- **Task objective**
In the data below, find the line with "Smoother running: when" and the line with "The correct answer", then restate both and every line between them exactly, minus the pictures.

- **Stored items**
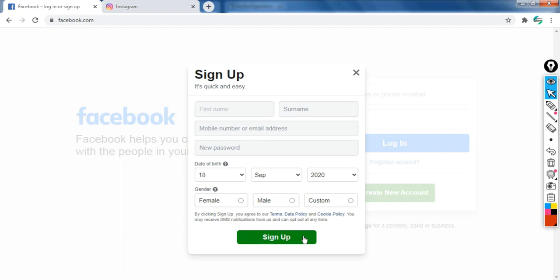How will Facebook keep track of this? Facebook will have already stored the total number of users so far, and as soon as I click sign up, Facebook will update that value by one — it will increase the value by one. In another scenario, if I delete my account, Facebook will delete it and decrease the total number of users by one.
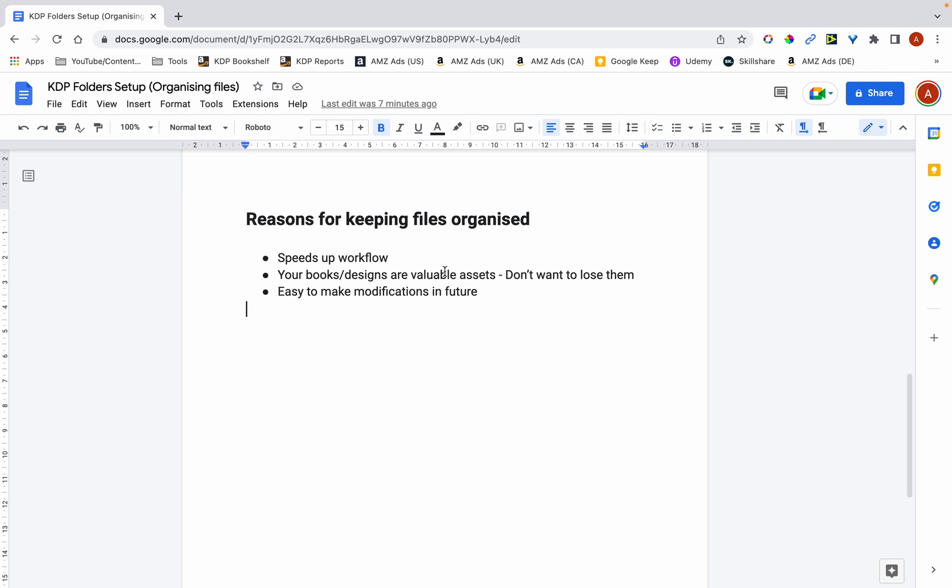And the third reason for having your files organized is that it's easy to make modifications in the future. So this is something that I do quite often. So oftentimes I'll create a book and then a few months down the line I want to change the cover a little bit to improve on it. So by having all of my files organized, I'm able to locate them and improve on the designs.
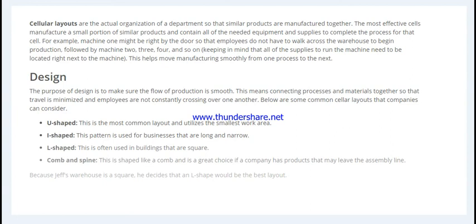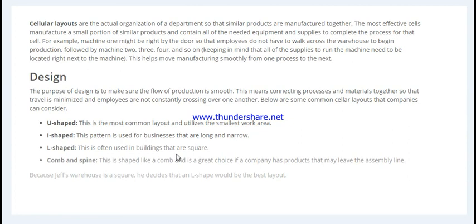First, we have the U-shape, which is the most common layout today. It has the smallest work area and is shaped like a U. Then we have the I-shape, which is used for businesses that are long and narrow. The S-shape is often used in buildings that are square.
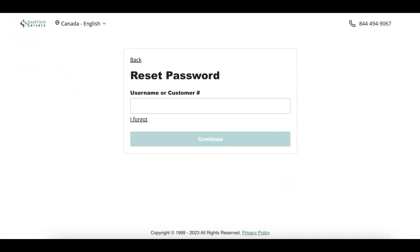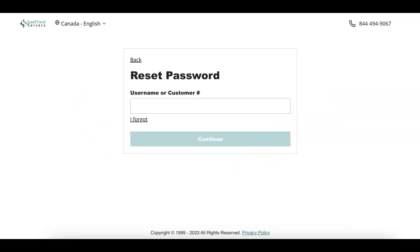This is the Reset Password page. Enter your username or your customer number. Complete the security challenge, then select Submit.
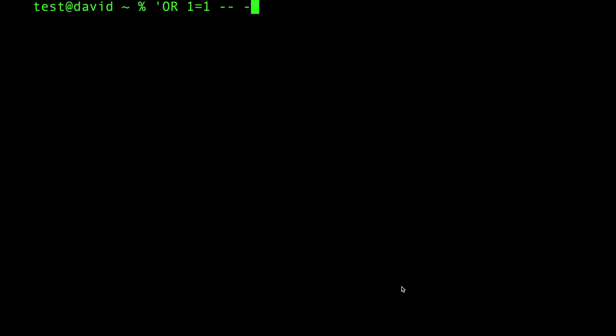So, how does OR 1 equals 1 work? The first thing we need to go over is this quote right here. What does that quote do? As I said before, what you type in gets changed into an SQL statement. This quote closes the SQL statement.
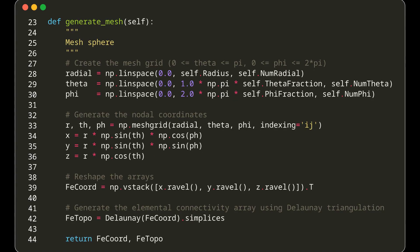np.linspace generates evenly spaced values over a specified range for each of these dimensions. Next, we convert the spherical coordinates to Cartesian coordinates using the well-known transformation equations. This gives us the x, y, and z coordinates of each point in the mesh.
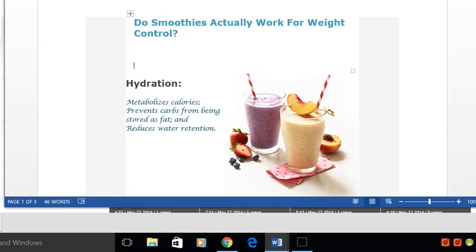But as you may or may not know, an important factor in weight control is the element of hydration. One of the things that hydration helps is with the metabolization of calories.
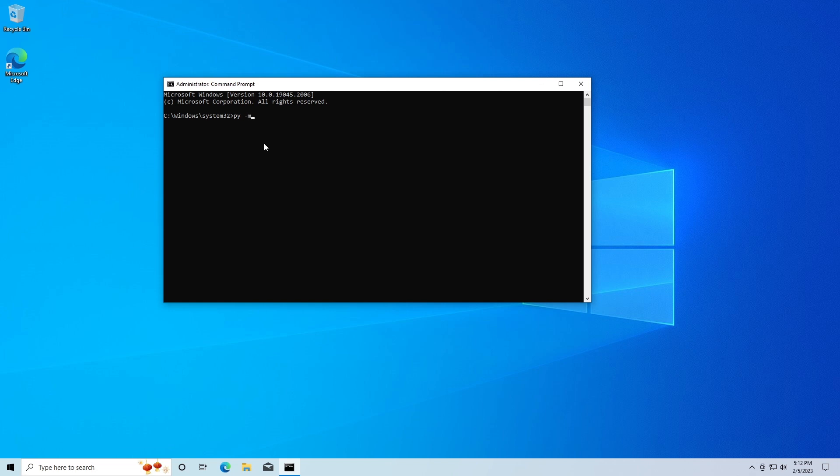Then we're going to type install, another space, and then we're going to type in pygame, one final space, and then we're going to go ahead and run this.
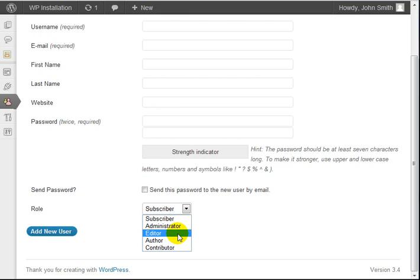Let's say for example that you have a blog and you have other people who are managing your blog, but they manage certain sections. In this case, you probably want to give them the editor role, which allows them to write posts and pages, edit, reject, and so forth.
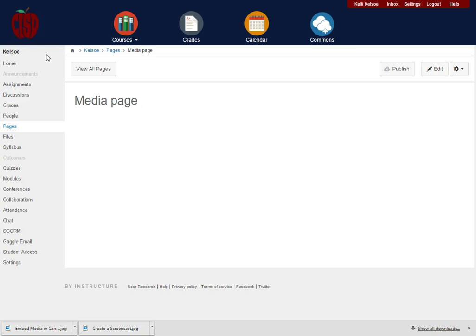For this demonstration I'm going to use a content page, but you could actually record media directly into an assignment, a discussion, a quiz, or you can even record media to give feedback as a comment to your students in an assignment.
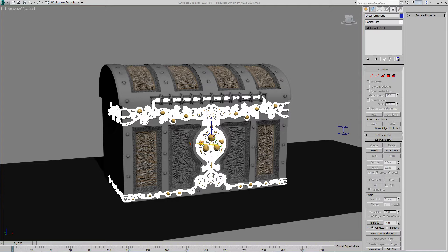What it does is it applies a modifier inactive when you add it, so basically it doesn't calculate anything. This is very useful when you have a very high poly object and you want to add a modifier but you want to adjust the settings first before you turn on the modifier.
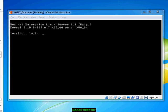When SUID is set on an executable and that particular executable is executed, it performs the task as if it is performing the task as the owner of the file.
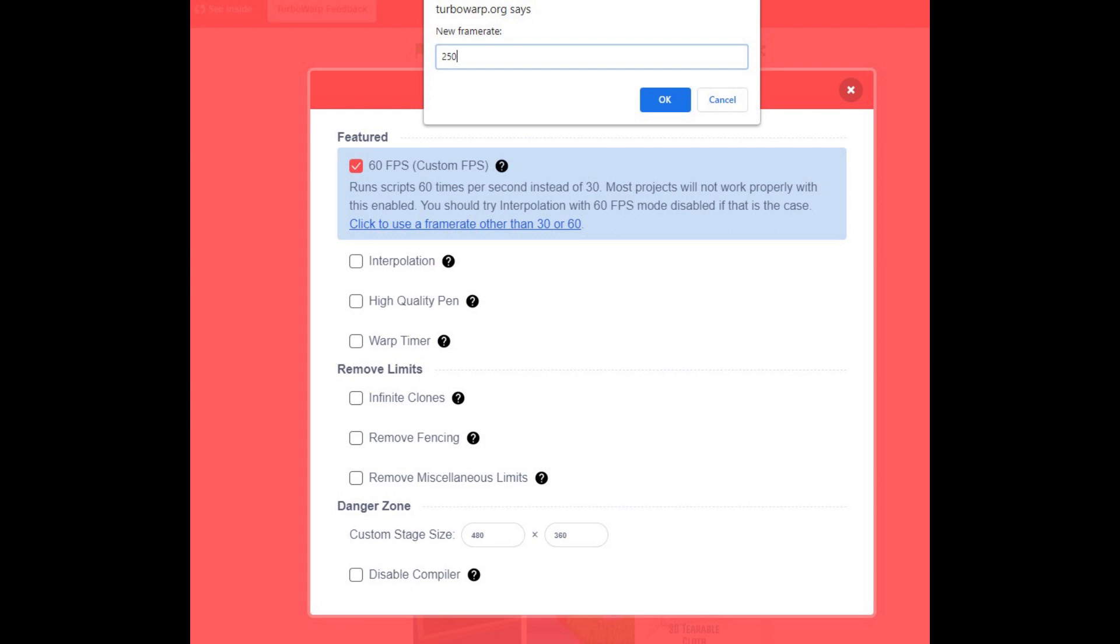TurboWarp also allows you to have an infinite amount of clones and lists. You can also use letters in cloud variables now.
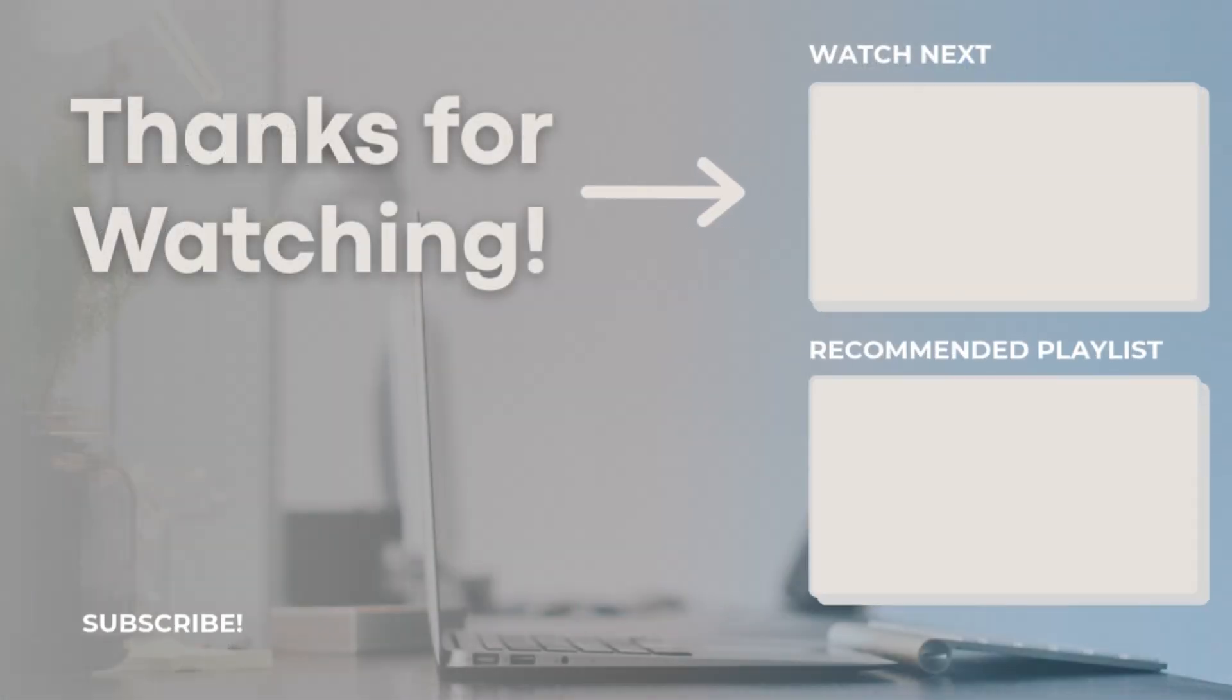Let me know your thoughts. Are you using Notion calendar? If you have any questions or comments, feel free to add them below. And I hope to see you all in the next video.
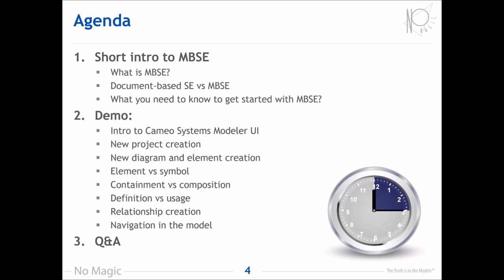I'll cover the advantages of MBSE over document-based systems engineering, and also explain what you need to know to get started with model-based systems engineering. Then I'm going to switch to the demo and introduce you to the main parts of the modeling tool window, show how to create a new project, explain the difference between project and model, demonstrate creation of a new diagram and element, explain differences between element and symbol, between containment and composition, between definition and usage, and show how to create relationships and give tips on navigation in the model.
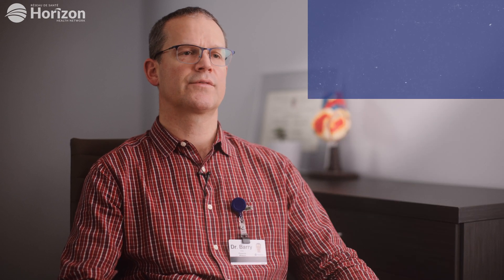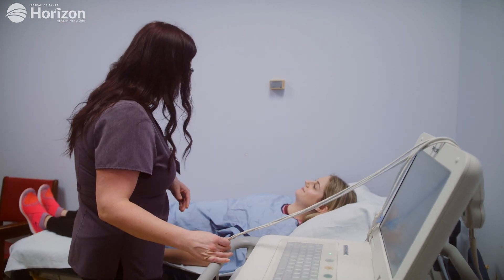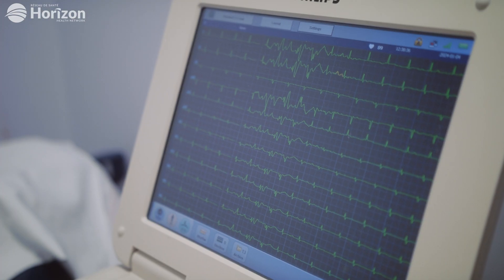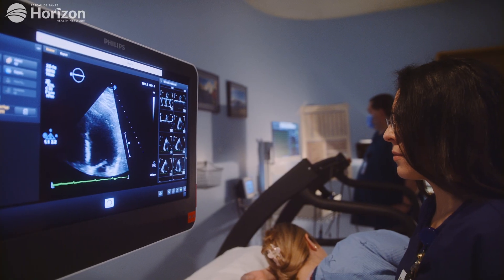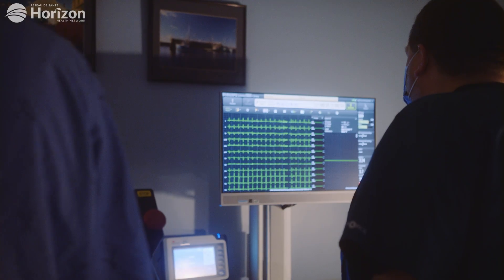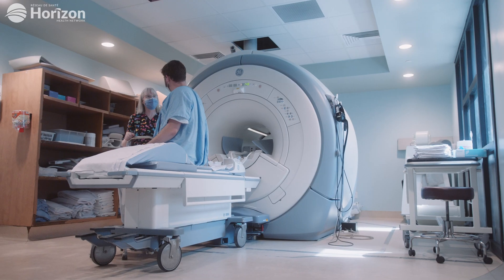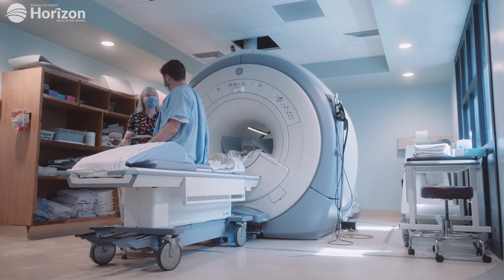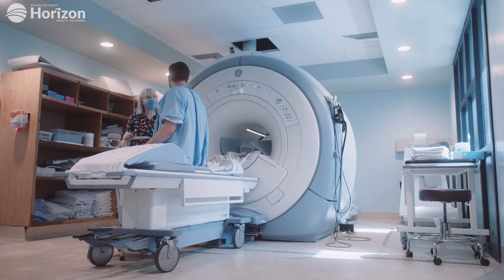For diagnosis, we have certain criteria that we look for. There are things we look for in our EKG and blood tests, and often these are supported by other tests like an echocardiogram, which is an ultrasound of your heart, or an angiogram — a dye test — to make sure there are no blockages.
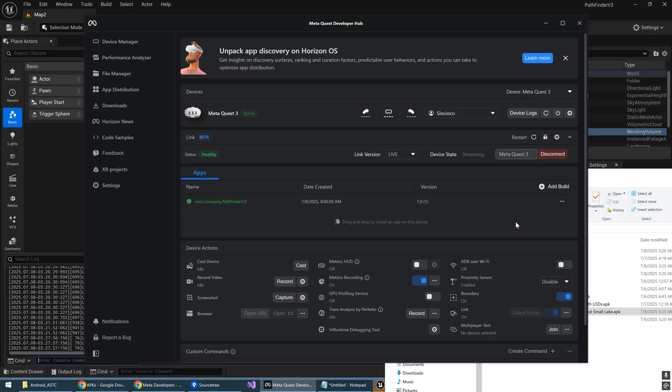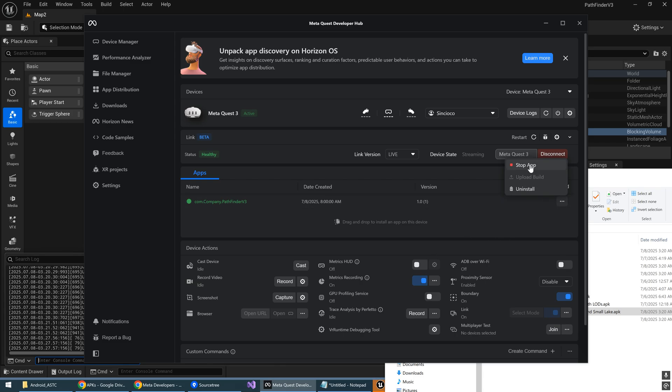So anyway, in a nutshell, that is how you sideload a game in your Quest 3. Also, this is where you can stop the game as well as uninstall it once you're done testing it.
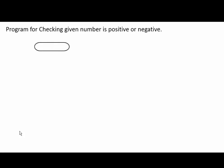Program for checking given number is positive or negative. That is how to use flowchart symbols in our program or its execution. It is very useful to understand using flowchart.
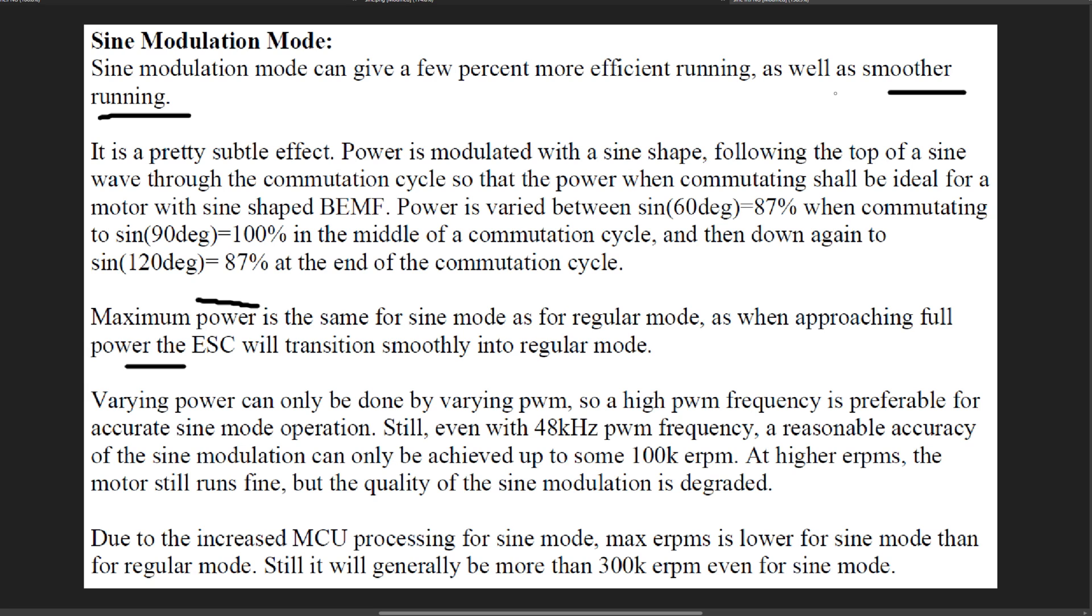Smoother running: when I originally started playing with this mode I thought it was way smoother running but since then I don't think it's as smooth. I don't think that there is much noticeable in smoothness.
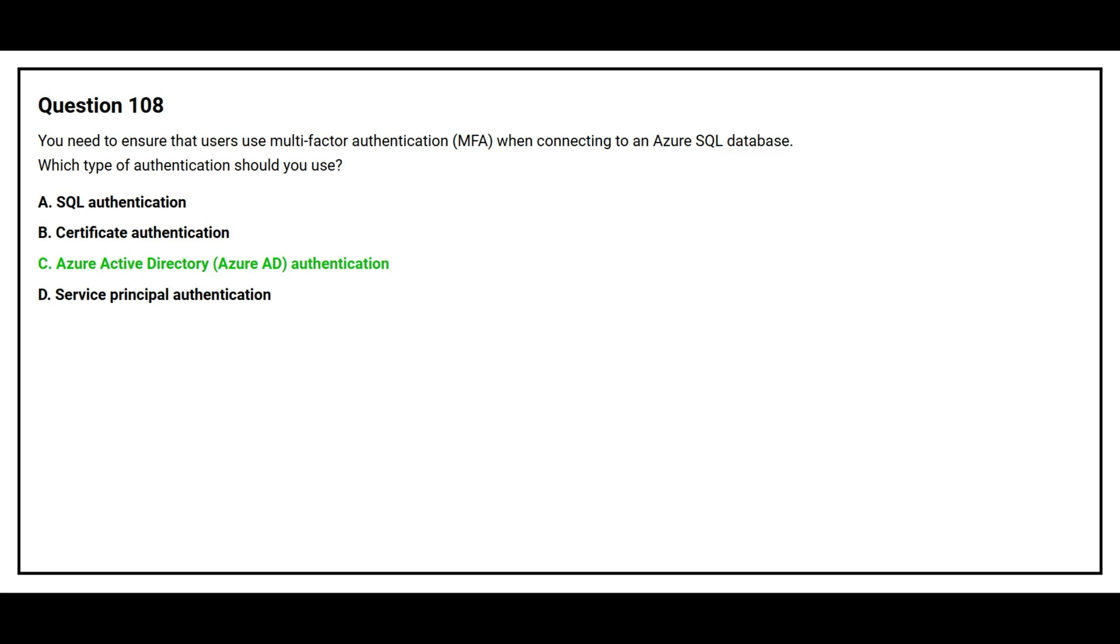The correct answer is option C, Azure Active Directory, Azure AD Authentication.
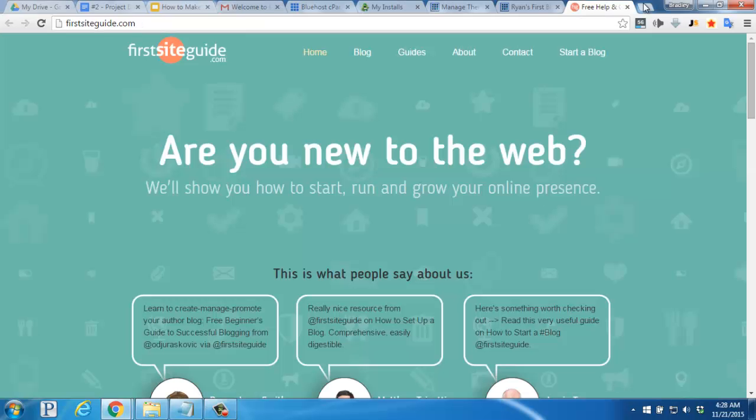Speaking of which, we have a bunch of helpful video tutorials and guides over on our website here, at firstsiteguide.com. We'd also be happy to help you out with any questions you might have, so feel free to contact us. Take care, and enjoy your new website.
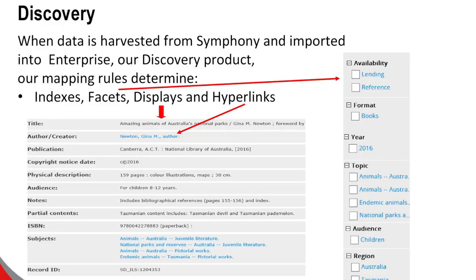Data is harvested from Symphony and imported into Enterprise every night. For that to happen there have to be mapping rules, which took me about three months to set up. Basically, we need to know what happens to all that data in Symphony — which part, which subfield, which tag, and what fields they go into in Enterprise, our discovery layer.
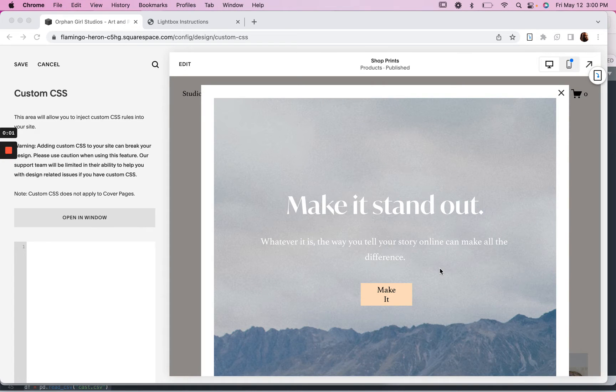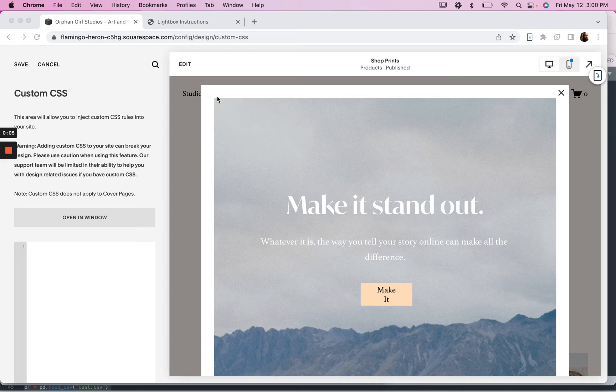In this video I'm going to show you how to adjust the lightbox width and also the margins or the pattern around the content.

- **Answer section**
Smoother running: when I originally started playing with this mode I thought it was way smoother running but since then I don't think it's as smooth. I don't think that there is much noticeable in smoothness.
The correct answer is option C, Azure Active Directory, Azure AD Authentication.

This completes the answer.